I do not know if its because I'm still studying (or studying still, depending on how you look at it) that the notion of me getting married has kept its distance from me. It almost feels weird. But then, when I look at my friends getting married, I start asking these questions - are we in that phase now?? Or is the phase setting a bit early in our generation? And what exactly is my generation??
Like any other guy, I have known people in love. People who seemed to be perfect to be married. People who appeared to just blend into each other. So true that its almost surreal. And people who got married, the "arranged" way. Who just took time to know each other. Been together through the boring, tough, frustrated, happy, indifferent, cold, warm, exciting times together. spent enough time living (after getting married) to see the best and worst in each other. Spent enough time to see the best in the worst of each other. And fell in love with each other. So real that its true. And then I have heard of others. Who are confident of being in love. But unsure if they are sure. So... surreal. Is it the notion of being in love or having someone to come home to or having some one to look forward to that captivates us and drives us towards the whole notion of marriage? For a long time, I thought this was a girlish notion. But if late, I am beginning to understand the universality of this notion (atleast among my clique).
Probably we are at a stage when our favorite pastimes (friends...) have got on with their lives - by their lives, I mean marriage. That makes us all the more lonelier than before.

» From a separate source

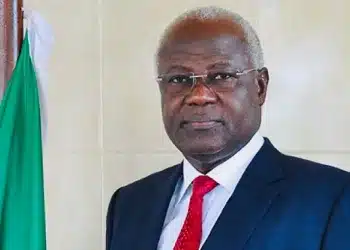 Tentative de coup d’État en Sierra Leone : l’ex président Ernest Bai Koroma inculpé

I remember the days when 20 of us would gather around and nothing would be taboo anymore. Slowly, the number crumpled and additions and adjustments were made. I guess we yearn for that sharing that pushes us towards finding a mate. Sharing where nothing... nothing is taboo.
The other day me and my roomie were going around with a friend to look for some houses when his real-estate agent popped a casual question about our girl friends. Pretty innoccuous in the hard rock culture. But what struck me was the universality and ubiquity of this question, in various forms from various quarters. There are (my friends') parents asking my friends about marriages. "Two years" is the most common answer. But then why do parents ask us now? And how is this different than the real estate agent asking me if I had a girlfriend?
I guess lot of things considered, this is probably just another case of social and peer pressure. Every body in the parents' peer group must be asking them about their wards' status with respect to marriage. Similar to what you would feel if all those guys (and girls) around you got married and asked you when you were tying. And by extrapolation, similar to what you would feel if everyone around you has a "girlfriend". Peer Pressure!!! But then, would parents understand that??? But then would that be right!!!